In the store, he extended a hand. “Detective Foster Crisp.” He approached the tiki bar and stopped short of the Lanvin coat, a pile of fur and wool now pushed to the side. “What’s that?”

“A coat. It was covering her.” Joanna reached to pick it up, but the detective stepped in front of her.
 

“Please, don’t touch it. We’ll need to check it for evidence.” The police behind the tiki bar parted as the detective knelt beside the body. After a few minutes, he rose. He placed a hand in the small of Joanna’s back and directed her back to the red velvet bench.
 

“You know the victim?” he asked.
 

“Yes, Marnie. Marnie Evans.” Joanna didn’t want to leave her, but at the same time she was glad to be distracted. “How did she die?”

“Crowley?” Crisp asked one of the policemen.

“Can’t say until the autopsy. Nothing obvious.”

“Sit,” the detective said and patted the bench. A chunk of turquoise anchored his bolo tie. Its silver-tipped ends dangled as he leaned forward. “This is your store, is it?”

She nodded, still casting anxious glances behind the tiki bar.
 

“Tell me what happened. Start from the beginning.”

Joanna recounted the last quarter hour, from noticing the Lanvin coat missing to trembling over the phone at Dot’s.
 

“Did—” Detective Crisp looked at his notebook “—Ms. Evans have a key to the store?”

“No. I don’t know how she got in. The door was locked when I got here.”

“Only a handle lock. Easy enough to pick. I’m surprised you don’t have better security, actually. But there’s no reason she would be at the store?”
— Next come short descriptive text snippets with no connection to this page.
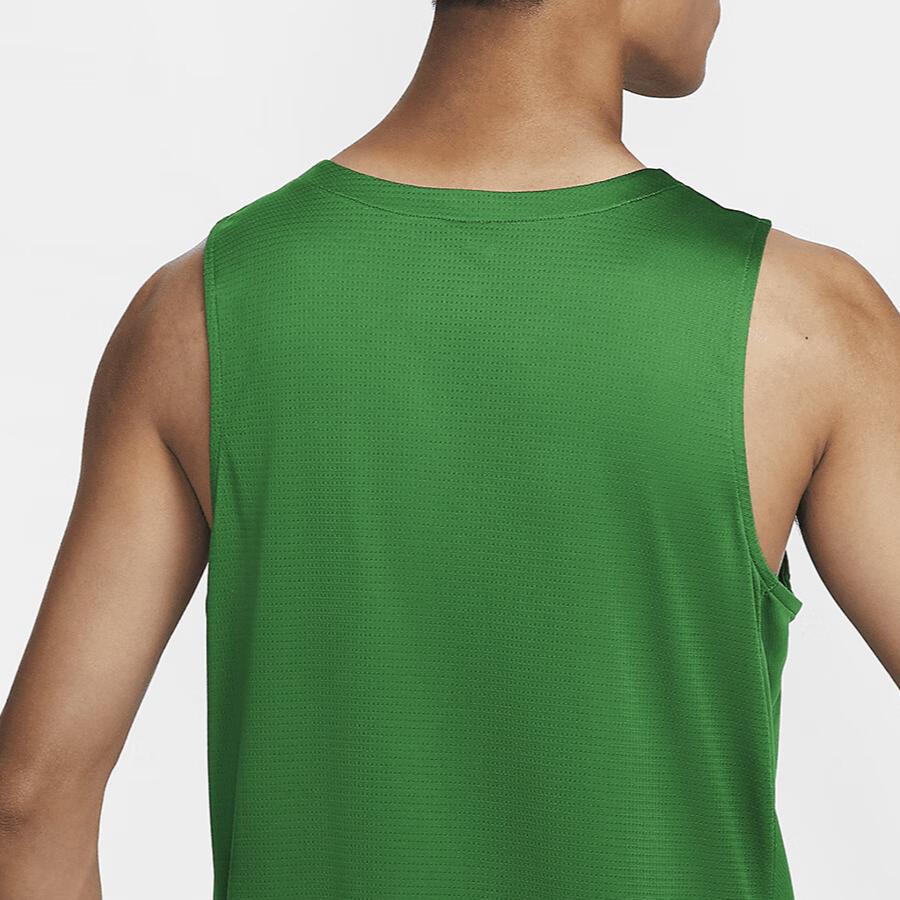 Nike Basketball Jersey Men's Pine Green HF0519-302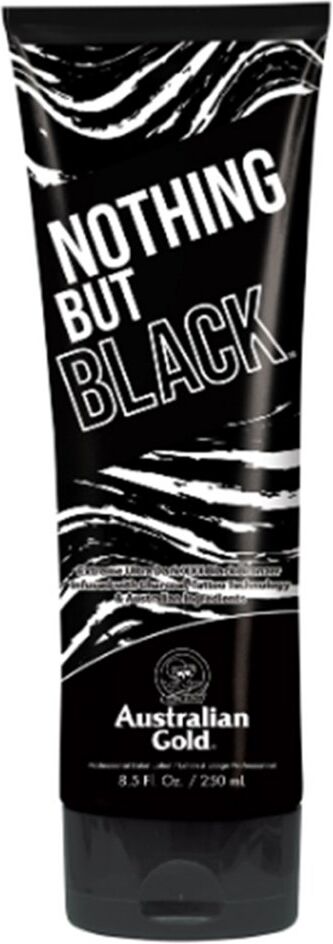 AUSTRALIAN GOLD Nothing But Black Bronzer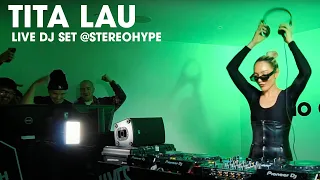 TITA LAU -  LIVE @STEREOHYPE + SPECIAL GUESTS, TECH, HOUSE & TECHNO DJ MIX 11.02.2022 LONDON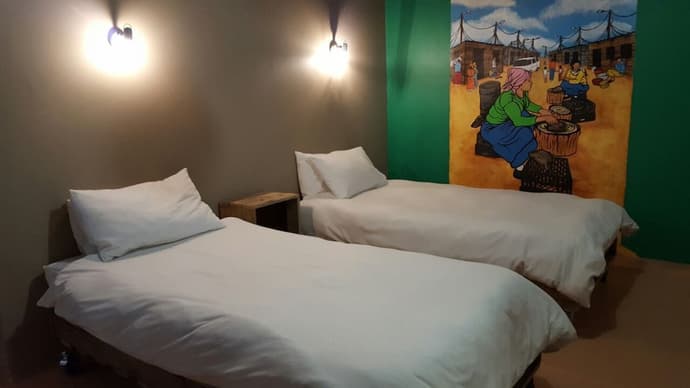 The Backpack Shack - Hostel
“Closed? No.” She bit her lip. “That coat, the one that covered her. She sold it to me the day before yesterday. That same day she called to say she wanted it back. I told her she could come by yesterday morning to get it, but she never did.” She wouldn’t have come back to get it by herself, would she?
 

The detective made a few notes. “Tell me about Ms. Evans.”
 

While a policeman stepped away from Marnie and punched numbers in his cell phone, Detective Crisp kept his attention on Joanna. From where Joanna sat she could only see one of Marnie’s slipper-clad feet.

“I've known her not quite a year. She sells—sold me—some of her old clothes.”
 

“Tell me about it,” the detective said.

The day Marnie first appeared the fall before, the store had been quiet. Joanna had looked up from a skirt she was mending to find Marnie standing at the door with a cardboard box at her feet.
 

“Do you buy old clothes?” she'd asked.

“Yes, I do.” Although Marnie's appearance—baggy pants, waterproof jacket—didn't suggest a glamour puss, Joanna had enough experience to know the box could contain anything from 1930s silk nighties to an old wedding gown to a stack of batik hippie skirts.
 

“Got a few things I don't need anymore.” Marnie had pulled a dress from the box and held it up by its shoulders. It was Nile green and covered with an intricate pattern of bugle beads that gleamed in the dim morning light. From its length and strong nylon lining, Joanna guessed it was from the mid-1960s. She could imagine a guest wearing it on the Merv Griffin Show. Maybe Nancy Sinatra.
 

While Joanna was trying to figure out how to flush the cigarette smoke out of the dress, Marnie had commented on her grandmother’s ring. She took Joanna’s hand in her dry palm and touched the ring’s pearl. Then she mentioned she had a few other things she could bring in, as well.